### EXERCISE BRIEF
Skip the pictures and copy all the data that follows exactly.

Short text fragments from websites
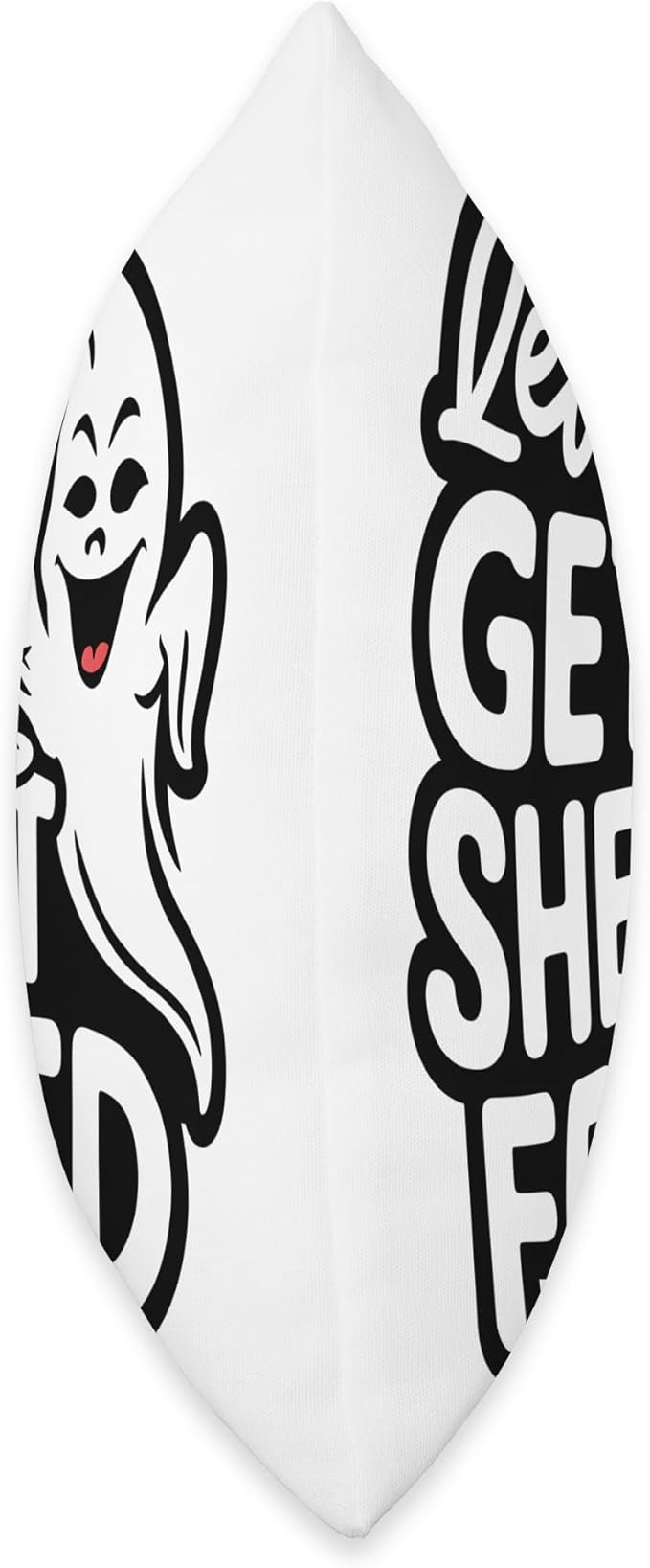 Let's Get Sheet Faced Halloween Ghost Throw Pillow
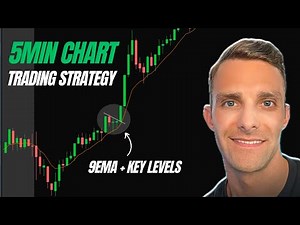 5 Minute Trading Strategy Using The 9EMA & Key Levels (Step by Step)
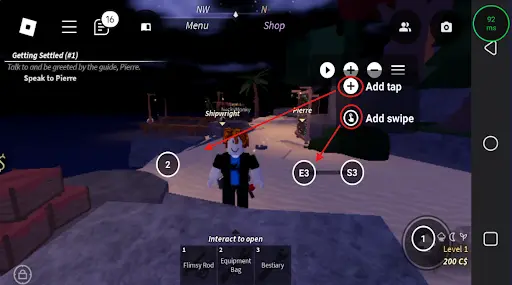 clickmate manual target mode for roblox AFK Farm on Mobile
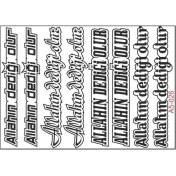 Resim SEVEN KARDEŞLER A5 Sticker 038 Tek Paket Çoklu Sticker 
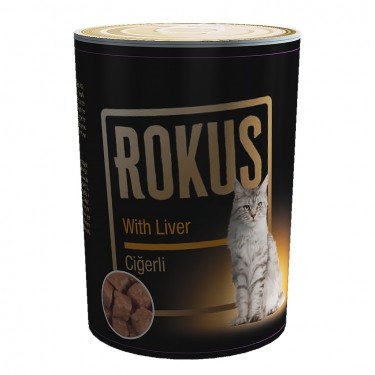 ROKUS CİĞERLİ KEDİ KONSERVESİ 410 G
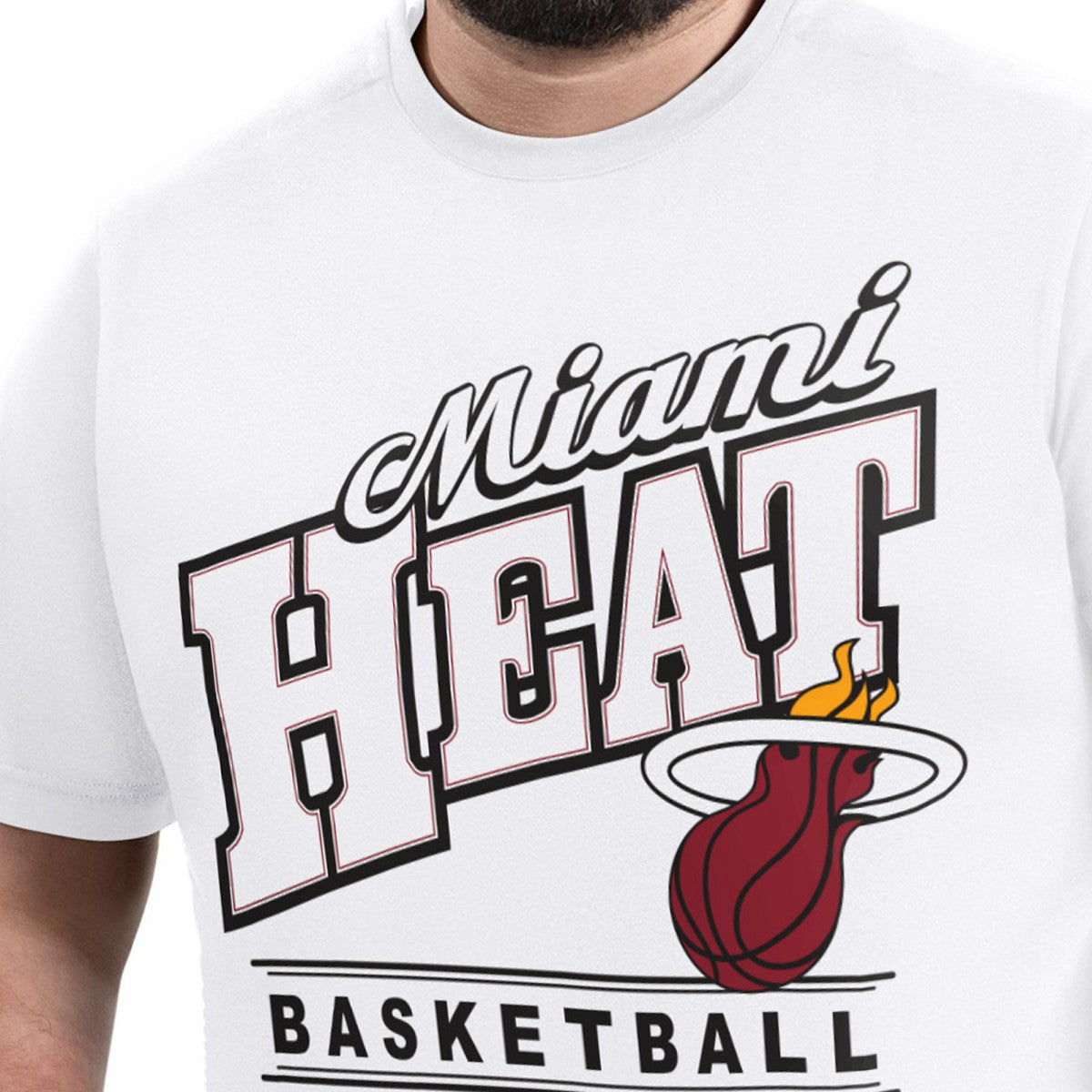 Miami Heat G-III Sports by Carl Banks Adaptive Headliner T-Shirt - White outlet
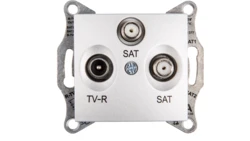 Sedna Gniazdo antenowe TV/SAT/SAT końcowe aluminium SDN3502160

### EXERCISE RESPONSE
 Let's Get Sheet Faced Halloween Ghost Throw Pillow
 5 Minute Trading Strategy Using The 9EMA & Key Levels (Step by Step)
 clickmate manual target mode for roblox AFK Farm on Mobile
 Resim SEVEN KARDEŞLER A5 Sticker 038 Tek Paket Çoklu Sticker 
 ROKUS CİĞERLİ KEDİ KONSERVESİ 410 G
 Miami Heat G-III Sports by Carl Banks Adaptive Headliner T-Shirt - White outlet
 Sedna Gniazdo antenowe TV/SAT/SAT końcowe aluminium SDN3502160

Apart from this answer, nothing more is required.